Solar flares are classified as A, B, C, M or X, with X being the most powerful. Both flares were X-class: the first was an X2.2, the largest solar flare since 2015; it was quickly dwarfed by a whopping X9.3, quadruple the power of the flare from just three hours prior. The last time the sun produced an X9 flare was 11 years ago, in 2006.

The National Oceanic and Atmospheric Administration’s (NOAA) Space Weather Prediction Center (SWPC) reported that the flares resulted in blackouts of both high-frequency and low-frequency radio channels.

© NASA. NASA/GSFC/SDO

Two gigantic solar flares that occurred on September 6.

“It was accompanied by radio emissions that suggest there’s a potential for a CME [Coronal Mass Ejection],” SWPC space scientist Rob Steenburgh told Space.com. “However, we have to wait until we get some coronagraph imagery that would capture that event for a definitive answer.”

The sun is surrounded by a bubble of superheated plasma called the “corona,” which is constantly shifting and circulating due to the sun’s magnetic field. The layers of the corona frequently twist and knot, leading to jets of energized particles escaping the sun’s atmosphere and shooting off into space. These are called solar flares — and if the particles come close enough to Earth to interact with this planet’s magnetic field, they can interfere with electronic devices of all kinds.

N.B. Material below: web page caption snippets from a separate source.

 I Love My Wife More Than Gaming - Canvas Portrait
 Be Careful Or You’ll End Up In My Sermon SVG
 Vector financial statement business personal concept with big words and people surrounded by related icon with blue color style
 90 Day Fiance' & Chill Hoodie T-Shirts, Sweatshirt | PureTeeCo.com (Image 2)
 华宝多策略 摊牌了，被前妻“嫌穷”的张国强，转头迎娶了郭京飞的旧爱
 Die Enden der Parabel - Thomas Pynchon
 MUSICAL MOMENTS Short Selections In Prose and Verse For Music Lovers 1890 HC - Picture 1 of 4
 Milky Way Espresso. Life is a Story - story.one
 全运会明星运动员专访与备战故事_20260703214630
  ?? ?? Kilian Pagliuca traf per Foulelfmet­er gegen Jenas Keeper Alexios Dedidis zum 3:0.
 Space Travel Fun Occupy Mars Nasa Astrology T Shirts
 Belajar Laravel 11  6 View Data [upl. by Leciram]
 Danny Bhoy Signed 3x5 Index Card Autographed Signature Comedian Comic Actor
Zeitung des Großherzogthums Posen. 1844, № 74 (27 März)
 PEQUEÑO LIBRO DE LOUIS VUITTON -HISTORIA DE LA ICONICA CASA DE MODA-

But the real danger from solar flares is that large ones are usually followed by releases of plasma as well called coronal mass ejections (CME). CMEs are the cause of solar storms that could potentially cause unspeakable destruction to an industrial society like ours.

© NASA. NASA/GSFC/SDO
Two gigantic solar flares that occurred on September 6.

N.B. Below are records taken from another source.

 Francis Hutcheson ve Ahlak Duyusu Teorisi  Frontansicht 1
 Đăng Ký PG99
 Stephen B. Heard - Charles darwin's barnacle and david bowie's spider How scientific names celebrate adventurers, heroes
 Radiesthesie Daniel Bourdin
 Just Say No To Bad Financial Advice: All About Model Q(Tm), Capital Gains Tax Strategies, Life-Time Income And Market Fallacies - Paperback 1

The largest solar storm on record is the 1859 Carrington Event, which shut down telegraph machines on two continents — but this was before the pioneering research into electricity by inventors such as Thomas Edison and Nikola Tesla.  Scientific journal Atmospheric Environmental estimated in 2013 that if a Carrington Event-sized solar storm were to strike Earth, it could cause as much as $2.6 trillion in damage to the US alone — frying electronic equipment, knocking planes out the sky and other unimaginable catastrophes in an electrified world — far and away the costliest disaster in American history.

The strange part is that the sun is nearing its “solar minimum.” The sun has a roughly 11-year cycle of solar activity as a result of the movements of its magnetic field, and the solar minimum is the period during which sunspot and solar flare activity bottom out.